▶ **WORK REQUEST**: Could you set down exactly the lines of the data below, starting at the one that holds "Premium Soft Water-Resistant" and ending at the one that holds "Cartuchera en cuero", both included, and only those?
── INPUT ──
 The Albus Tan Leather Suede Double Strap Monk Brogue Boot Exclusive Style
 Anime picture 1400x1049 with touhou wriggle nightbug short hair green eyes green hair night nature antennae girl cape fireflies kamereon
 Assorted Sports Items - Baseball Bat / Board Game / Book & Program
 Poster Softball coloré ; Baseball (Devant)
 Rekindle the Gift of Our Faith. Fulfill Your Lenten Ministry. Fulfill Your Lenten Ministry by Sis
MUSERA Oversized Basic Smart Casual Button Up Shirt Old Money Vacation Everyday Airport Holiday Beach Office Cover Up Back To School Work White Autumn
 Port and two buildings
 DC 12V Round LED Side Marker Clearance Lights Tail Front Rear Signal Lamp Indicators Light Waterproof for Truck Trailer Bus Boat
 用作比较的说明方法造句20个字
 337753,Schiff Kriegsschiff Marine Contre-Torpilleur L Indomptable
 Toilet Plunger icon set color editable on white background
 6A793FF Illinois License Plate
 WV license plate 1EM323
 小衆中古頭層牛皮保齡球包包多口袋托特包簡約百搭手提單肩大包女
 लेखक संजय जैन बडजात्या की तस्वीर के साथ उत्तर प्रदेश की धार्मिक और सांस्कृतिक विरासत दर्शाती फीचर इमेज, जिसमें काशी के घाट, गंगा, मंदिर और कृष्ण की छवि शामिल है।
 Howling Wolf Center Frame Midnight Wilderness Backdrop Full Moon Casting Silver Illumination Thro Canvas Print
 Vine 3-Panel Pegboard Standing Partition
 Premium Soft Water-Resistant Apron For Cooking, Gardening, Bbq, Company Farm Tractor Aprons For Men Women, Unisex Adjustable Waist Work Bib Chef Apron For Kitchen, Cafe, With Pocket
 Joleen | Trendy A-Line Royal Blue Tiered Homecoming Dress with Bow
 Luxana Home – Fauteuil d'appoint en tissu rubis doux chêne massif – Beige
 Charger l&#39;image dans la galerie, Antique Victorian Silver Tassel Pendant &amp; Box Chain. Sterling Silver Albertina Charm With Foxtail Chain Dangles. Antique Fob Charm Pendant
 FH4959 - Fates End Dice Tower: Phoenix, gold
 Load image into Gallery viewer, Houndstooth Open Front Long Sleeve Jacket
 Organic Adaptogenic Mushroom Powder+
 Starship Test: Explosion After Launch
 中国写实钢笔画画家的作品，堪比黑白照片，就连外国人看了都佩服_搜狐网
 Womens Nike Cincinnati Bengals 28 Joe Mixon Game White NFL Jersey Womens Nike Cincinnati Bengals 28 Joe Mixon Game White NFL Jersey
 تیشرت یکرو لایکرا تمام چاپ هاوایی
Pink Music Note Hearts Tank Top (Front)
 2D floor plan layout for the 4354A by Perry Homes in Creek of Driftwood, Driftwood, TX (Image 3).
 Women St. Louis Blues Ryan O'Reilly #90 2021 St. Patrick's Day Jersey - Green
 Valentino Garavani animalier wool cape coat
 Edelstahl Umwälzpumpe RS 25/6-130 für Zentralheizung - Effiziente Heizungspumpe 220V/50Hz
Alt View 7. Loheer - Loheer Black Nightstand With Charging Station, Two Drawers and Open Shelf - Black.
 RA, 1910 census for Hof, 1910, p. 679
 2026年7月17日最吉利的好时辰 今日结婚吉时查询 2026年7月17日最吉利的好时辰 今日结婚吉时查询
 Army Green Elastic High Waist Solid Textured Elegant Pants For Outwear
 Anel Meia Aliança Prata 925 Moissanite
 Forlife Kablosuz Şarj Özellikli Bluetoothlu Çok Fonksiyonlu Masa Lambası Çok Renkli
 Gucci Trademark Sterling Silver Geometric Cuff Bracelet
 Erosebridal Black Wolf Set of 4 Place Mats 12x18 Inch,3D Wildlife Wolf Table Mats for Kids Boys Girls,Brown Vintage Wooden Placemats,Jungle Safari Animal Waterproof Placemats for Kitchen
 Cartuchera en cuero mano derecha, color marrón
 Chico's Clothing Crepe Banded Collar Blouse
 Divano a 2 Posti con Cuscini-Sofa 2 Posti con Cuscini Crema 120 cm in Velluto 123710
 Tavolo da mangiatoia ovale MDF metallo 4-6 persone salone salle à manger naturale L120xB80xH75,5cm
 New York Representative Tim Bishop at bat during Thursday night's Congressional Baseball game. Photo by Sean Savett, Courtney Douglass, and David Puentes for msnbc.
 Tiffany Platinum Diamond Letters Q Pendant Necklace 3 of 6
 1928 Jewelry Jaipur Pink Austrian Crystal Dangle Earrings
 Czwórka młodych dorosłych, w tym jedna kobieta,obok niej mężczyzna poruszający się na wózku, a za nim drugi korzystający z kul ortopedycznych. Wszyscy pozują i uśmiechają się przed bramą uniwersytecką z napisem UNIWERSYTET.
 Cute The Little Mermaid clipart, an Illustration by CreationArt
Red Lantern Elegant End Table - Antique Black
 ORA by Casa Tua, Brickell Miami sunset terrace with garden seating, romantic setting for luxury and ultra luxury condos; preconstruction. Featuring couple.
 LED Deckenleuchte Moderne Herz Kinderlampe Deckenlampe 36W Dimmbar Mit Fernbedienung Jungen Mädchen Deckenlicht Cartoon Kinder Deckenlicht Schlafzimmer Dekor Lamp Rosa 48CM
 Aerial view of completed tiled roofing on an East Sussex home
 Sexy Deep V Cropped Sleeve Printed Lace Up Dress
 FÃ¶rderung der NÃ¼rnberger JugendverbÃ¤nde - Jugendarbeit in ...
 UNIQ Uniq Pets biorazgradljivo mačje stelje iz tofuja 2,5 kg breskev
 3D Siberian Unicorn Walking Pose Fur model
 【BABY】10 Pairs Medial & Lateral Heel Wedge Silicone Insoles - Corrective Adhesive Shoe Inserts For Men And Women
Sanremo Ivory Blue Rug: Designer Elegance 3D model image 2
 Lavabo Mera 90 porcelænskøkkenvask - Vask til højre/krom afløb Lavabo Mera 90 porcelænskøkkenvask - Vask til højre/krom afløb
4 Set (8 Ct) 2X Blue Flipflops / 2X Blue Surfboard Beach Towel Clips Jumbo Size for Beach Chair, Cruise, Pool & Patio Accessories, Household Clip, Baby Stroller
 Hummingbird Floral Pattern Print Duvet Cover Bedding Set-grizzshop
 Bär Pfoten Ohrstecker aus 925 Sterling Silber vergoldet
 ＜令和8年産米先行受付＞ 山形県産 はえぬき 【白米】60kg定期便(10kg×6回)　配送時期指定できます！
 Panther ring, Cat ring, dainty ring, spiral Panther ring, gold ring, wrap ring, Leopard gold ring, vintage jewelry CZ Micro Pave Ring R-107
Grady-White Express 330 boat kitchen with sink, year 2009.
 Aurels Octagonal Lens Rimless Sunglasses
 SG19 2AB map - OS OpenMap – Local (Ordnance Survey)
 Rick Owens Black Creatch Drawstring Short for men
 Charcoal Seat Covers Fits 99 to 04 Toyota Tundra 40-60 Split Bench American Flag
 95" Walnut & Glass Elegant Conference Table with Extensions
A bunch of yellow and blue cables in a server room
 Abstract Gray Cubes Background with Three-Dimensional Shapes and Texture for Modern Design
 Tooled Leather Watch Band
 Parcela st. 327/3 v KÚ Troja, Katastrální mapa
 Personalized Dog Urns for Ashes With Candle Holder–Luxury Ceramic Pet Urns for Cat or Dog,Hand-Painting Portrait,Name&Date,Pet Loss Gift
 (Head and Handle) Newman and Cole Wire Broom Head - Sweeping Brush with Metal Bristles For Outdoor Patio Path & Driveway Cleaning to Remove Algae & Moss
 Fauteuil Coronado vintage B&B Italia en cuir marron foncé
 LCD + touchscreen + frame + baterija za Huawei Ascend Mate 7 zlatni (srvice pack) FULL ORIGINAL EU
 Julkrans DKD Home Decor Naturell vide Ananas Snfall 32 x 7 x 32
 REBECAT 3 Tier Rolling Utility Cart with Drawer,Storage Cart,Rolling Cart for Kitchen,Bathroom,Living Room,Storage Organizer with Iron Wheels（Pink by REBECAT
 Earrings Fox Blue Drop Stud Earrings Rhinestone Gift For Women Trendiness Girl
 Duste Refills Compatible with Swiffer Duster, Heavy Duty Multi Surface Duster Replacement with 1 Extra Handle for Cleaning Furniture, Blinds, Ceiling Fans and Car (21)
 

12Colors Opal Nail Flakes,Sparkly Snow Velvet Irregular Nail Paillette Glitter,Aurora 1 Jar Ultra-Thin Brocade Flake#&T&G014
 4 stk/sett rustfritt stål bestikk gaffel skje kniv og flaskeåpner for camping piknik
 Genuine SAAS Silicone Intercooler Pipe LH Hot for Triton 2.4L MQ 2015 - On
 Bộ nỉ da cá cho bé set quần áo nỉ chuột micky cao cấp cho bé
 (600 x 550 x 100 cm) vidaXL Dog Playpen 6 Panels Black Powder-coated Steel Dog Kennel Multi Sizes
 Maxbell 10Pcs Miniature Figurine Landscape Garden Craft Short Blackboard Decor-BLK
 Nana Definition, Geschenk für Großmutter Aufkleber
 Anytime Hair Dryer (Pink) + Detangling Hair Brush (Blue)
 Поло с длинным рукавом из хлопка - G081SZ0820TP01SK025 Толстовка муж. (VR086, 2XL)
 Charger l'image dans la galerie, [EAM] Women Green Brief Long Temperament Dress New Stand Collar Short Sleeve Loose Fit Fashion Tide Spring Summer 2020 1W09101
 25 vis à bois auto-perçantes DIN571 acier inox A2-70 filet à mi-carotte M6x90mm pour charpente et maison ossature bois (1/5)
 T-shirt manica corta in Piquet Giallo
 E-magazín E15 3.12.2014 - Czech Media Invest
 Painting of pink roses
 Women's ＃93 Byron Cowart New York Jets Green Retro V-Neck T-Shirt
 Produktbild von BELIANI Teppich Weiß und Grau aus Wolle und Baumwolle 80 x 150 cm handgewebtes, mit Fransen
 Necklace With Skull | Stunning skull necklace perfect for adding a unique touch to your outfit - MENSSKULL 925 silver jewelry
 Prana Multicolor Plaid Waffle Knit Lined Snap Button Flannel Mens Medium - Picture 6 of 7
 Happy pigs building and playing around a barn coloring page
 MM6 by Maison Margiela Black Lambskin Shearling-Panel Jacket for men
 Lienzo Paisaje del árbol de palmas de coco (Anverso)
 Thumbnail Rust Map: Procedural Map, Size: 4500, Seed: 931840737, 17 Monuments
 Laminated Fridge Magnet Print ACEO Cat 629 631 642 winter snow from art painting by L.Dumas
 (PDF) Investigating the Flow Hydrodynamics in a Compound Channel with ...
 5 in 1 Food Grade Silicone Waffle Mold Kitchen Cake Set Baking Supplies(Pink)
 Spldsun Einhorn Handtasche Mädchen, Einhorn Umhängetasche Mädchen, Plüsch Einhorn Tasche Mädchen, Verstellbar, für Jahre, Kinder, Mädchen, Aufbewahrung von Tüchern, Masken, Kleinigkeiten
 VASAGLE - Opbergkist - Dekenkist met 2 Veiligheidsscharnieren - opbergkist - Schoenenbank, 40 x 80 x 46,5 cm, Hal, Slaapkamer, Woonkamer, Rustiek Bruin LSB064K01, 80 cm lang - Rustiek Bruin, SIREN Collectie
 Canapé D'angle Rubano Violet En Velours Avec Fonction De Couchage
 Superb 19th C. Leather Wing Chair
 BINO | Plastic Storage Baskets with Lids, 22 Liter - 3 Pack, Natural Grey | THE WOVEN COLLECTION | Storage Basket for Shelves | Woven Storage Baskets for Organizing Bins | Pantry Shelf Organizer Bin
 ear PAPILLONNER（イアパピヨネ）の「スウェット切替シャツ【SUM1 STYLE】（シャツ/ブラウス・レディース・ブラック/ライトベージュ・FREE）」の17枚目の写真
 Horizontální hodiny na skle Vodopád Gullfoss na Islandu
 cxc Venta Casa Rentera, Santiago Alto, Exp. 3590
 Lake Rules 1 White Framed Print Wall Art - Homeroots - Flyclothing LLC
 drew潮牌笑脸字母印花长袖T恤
───
▶ **ANSWER SECTION**:
 Premium Soft Water-Resistant Apron For Cooking, Gardening, Bbq, Company Farm Tractor Aprons For Men Women, Unisex Adjustable Waist Work Bib Chef Apron For Kitchen, Cafe, With Pocket
 Joleen | Trendy A-Line Royal Blue Tiered Homecoming Dress with Bow
 Luxana Home – Fauteuil d'appoint en tissu rubis doux chêne massif – Beige
 Charger l&#39;image dans la galerie, Antique Victorian Silver Tassel Pendant &amp; Box Chain. Sterling Silver Albertina Charm With Foxtail Chain Dangles. Antique Fob Charm Pendant
 FH4959 - Fates End Dice Tower: Phoenix, gold
 Load image into Gallery viewer, Houndstooth Open Front Long Sleeve Jacket
 Organic Adaptogenic Mushroom Powder+
 Starship Test: Explosion After Launch
 中国写实钢笔画画家的作品，堪比黑白照片，就连外国人看了都佩服_搜狐网
 Womens Nike Cincinnati Bengals 28 Joe Mixon Game White NFL Jersey Womens Nike Cincinnati Bengals 28 Joe Mixon Game White NFL Jersey
 تیشرت یکرو لایکرا تمام چاپ هاوایی
Pink Music Note Hearts Tank Top (Front)
 2D floor plan layout for the 4354A by Perry Homes in Creek of Driftwood, Driftwood, TX (Image 3).
 Women St. Louis Blues Ryan O'Reilly #90 2021 St. Patrick's Day Jersey - Green
 Valentino Garavani animalier wool cape coat
 Edelstahl Umwälzpumpe RS 25/6-130 für Zentralheizung - Effiziente Heizungspumpe 220V/50Hz
Alt View 7. Loheer - Loheer Black Nightstand With Charging Station, Two Drawers and Open Shelf - Black.
 RA, 1910 census for Hof, 1910, p. 679
 2026年7月17日最吉利的好时辰 今日结婚吉时查询 2026年7月17日最吉利的好时辰 今日结婚吉时查询
 Army Green Elastic High Waist Solid Textured Elegant Pants For Outwear
 Anel Meia Aliança Prata 925 Moissanite
 Forlife Kablosuz Şarj Özellikli Bluetoothlu Çok Fonksiyonlu Masa Lambası Çok Renkli
 Gucci Trademark Sterling Silver Geometric Cuff Bracelet
 Erosebridal Black Wolf Set of 4 Place Mats 12x18 Inch,3D Wildlife Wolf Table Mats for Kids Boys Girls,Brown Vintage Wooden Placemats,Jungle Safari Animal Waterproof Placemats for Kitchen
 Cartuchera en cuero mano derecha, color marrón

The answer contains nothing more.